Saved entries:

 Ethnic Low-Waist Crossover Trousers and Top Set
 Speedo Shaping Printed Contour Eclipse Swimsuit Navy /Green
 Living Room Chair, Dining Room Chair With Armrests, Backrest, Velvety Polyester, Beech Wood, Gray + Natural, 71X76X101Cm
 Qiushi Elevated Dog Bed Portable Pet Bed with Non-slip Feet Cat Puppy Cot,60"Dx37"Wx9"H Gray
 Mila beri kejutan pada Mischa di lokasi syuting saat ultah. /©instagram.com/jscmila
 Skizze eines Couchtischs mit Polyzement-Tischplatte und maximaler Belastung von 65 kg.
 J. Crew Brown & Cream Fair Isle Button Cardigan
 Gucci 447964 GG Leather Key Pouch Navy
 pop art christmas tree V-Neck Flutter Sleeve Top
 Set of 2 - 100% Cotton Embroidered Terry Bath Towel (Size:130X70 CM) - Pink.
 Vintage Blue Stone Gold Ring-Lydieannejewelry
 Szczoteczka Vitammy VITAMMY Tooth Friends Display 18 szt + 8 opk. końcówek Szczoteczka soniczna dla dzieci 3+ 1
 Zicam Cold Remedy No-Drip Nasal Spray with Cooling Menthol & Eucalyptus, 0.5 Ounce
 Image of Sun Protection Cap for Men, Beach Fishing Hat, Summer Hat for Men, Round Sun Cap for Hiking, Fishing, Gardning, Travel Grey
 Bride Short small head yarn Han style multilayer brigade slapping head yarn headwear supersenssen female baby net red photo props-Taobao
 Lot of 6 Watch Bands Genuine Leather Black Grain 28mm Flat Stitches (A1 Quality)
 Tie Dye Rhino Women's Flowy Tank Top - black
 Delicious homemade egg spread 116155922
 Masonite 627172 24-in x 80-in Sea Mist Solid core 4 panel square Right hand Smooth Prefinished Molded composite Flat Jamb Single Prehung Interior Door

**PROMPT**
Exact retyping is required: the line with "Vintage Blue Stone" through the end of the data, both ends included, and no other line.

**PROBLEM SOLUTION**
 Vintage Blue Stone Gold Ring-Lydieannejewelry
 Szczoteczka Vitammy VITAMMY Tooth Friends Display 18 szt + 8 opk. końcówek Szczoteczka soniczna dla dzieci 3+ 1
 Zicam Cold Remedy No-Drip Nasal Spray with Cooling Menthol & Eucalyptus, 0.5 Ounce
 Image of Sun Protection Cap for Men, Beach Fishing Hat, Summer Hat for Men, Round Sun Cap for Hiking, Fishing, Gardning, Travel Grey
 Bride Short small head yarn Han style multilayer brigade slapping head yarn headwear supersenssen female baby net red photo props-Taobao
 Lot of 6 Watch Bands Genuine Leather Black Grain 28mm Flat Stitches (A1 Quality)
 Tie Dye Rhino Women's Flowy Tank Top - black
 Delicious homemade egg spread 116155922
 Masonite 627172 24-in x 80-in Sea Mist Solid core 4 panel square Right hand Smooth Prefinished Molded composite Flat Jamb Single Prehung Interior Door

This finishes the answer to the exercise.